Inside every violin, viola or cello there is a narrow little wooden dowel. It rests inside the instrument, propped between the front and back plates. Its placement has to be perfect, meticulously set by a violin-maker in precisely the right spot, down to the millimeter.
A violin is such a delicate piece of acoustical engineering that a slightly offset sound post will leave the instrument’s tone sounding empty and hollow. It’s an unassuming, humble little piece of wood… with all the importance in the world.
In Italy the sound post is referred to as anima. In France it’s âme. Both words mean “soul.”

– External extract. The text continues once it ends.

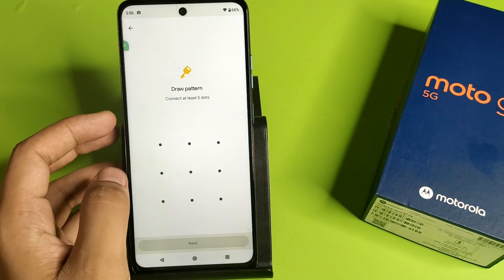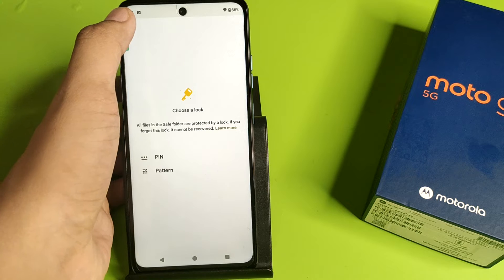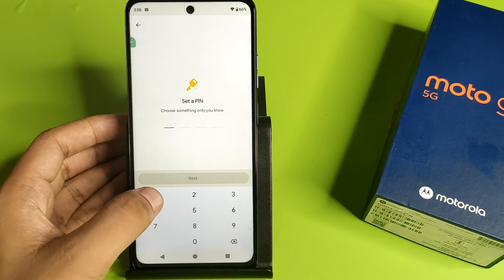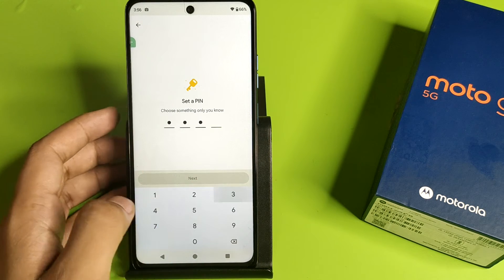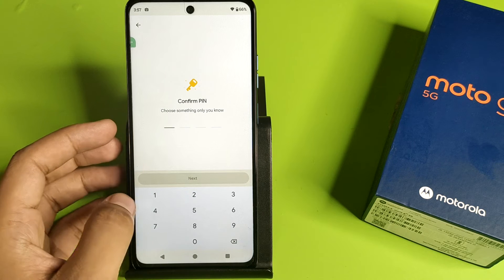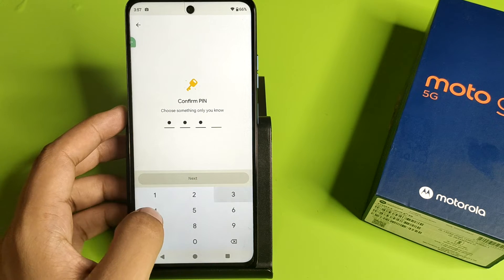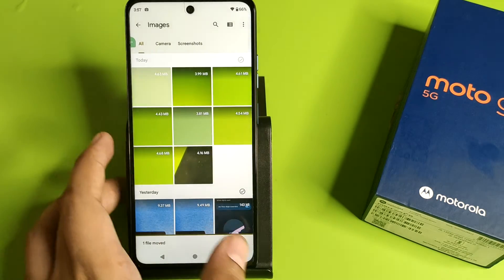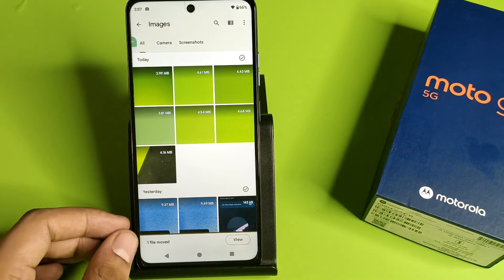Click on Pattern, or you can also select a PIN — one, two, three, four — and press Next. Then you have to again confirm it, then press Next, and your Safe Folder is now created.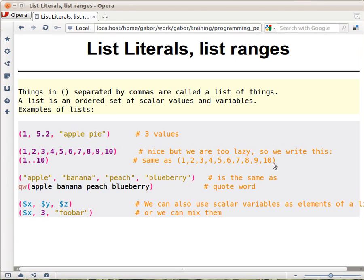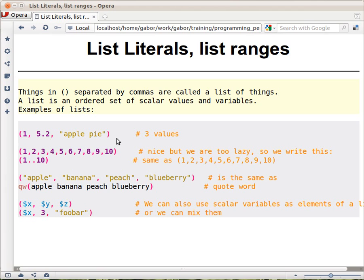A list in Perl is just a bunch of scalar values in parentheses, separated with commas. So for example, this is a list of values — scalar values. A number, an integer number, then a real number, then a string. It doesn't really matter, it's just a list of three values.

Let us consider the fact that sound posts are never really at risk of being dislodged. They are never glued in place because there is no need; the faceplate of a violin is under hundreds of pounds of pressure at all times, exerted by the tension of the strings. This is enough force to break bone, but a fragile violin weighing only a few pounds is built in precisely the right manner not only to withstand the stress, but to use it as an advantage. It is this same tension that allows the vibration of the strings to resonate through the body of the instrument, resound within it, spill into the surrounding air and ultimately reach our ears as song.
And artisans in candlelit workshops figured this stuff out centuries ago.